Date: Thu, 29 Nov 2007 15:27
From: Tsachi Keren-Paz
Subject: Third party duress and battery
I'm thinking mainly in the context of forced prostitution: that a victim could sue in battery despite the arguable apparent consent to provide commercial sex. I'd argue that 1) liability for battery should be strict in any event i.e. reasonable mistake is not a defence (which seems to be the case in England, according to dicta (eg Sedley in Hepburn v Chief Constable of Thames Valley Police and based on the false imprisonment Evans case, but not in Canada: Sansalone); 2) Given the fact that the victim does not really have a way to convey her being under duress without a serious risk to herself (which seems to be the case in your example as well), she should not be estopped.
Of course, the lower social value of purchasing commercial sex in comparison to providing abortion services, might support liability in the commercial sex context, while oppose liability in the abortion example, although such a distinction, I think, is not easy to make on grounds of principle.
Dr. Tsachi Keren-Paz
School of Law
Staffordshire ST5 5BG
Office: CBC 2.015
Phone: 01782 584358
Book "Torts, Egalitarianism and Distributive Justice"

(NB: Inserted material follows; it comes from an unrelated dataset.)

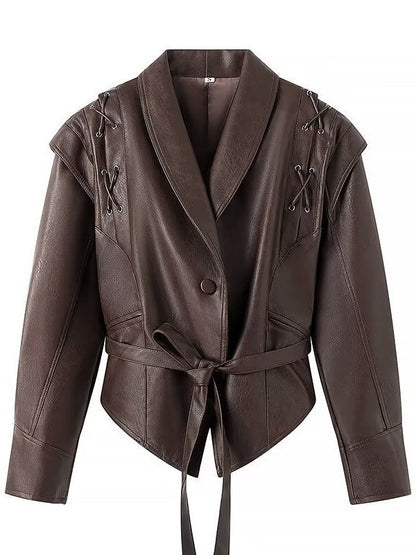 Yolanda® | Eco-leather jacket with decorative laces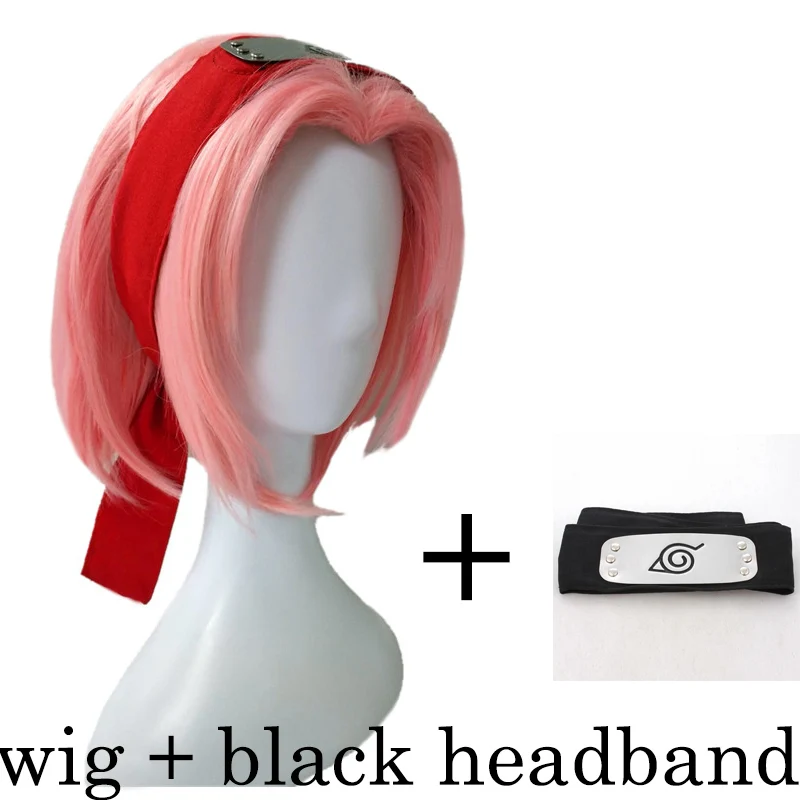 wig and black band Аниме Наруто Харуно Сакура короткий розовый стиль термостойкие волосы косплей костюм парик+ повязка на голову - Цвет: wig and black band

----- Original Message -----
From: Tettenborn, A
Sent: Thursday, November 29, 2007 7:13 PM
Subject: FW: third party duress and battery
Nice point. Presumably you're thinking of something like this: overbearing boyfriend threatens girlfriend that unless she aborts his baby he'll kill her, she goes to abortionist and asks him to do it, and he does so. I'd rather doubt if we'd hold the abortionist liable there: but why not I'm not quite sure. Possibly she'd be estopped from saying she didn't consent by her request.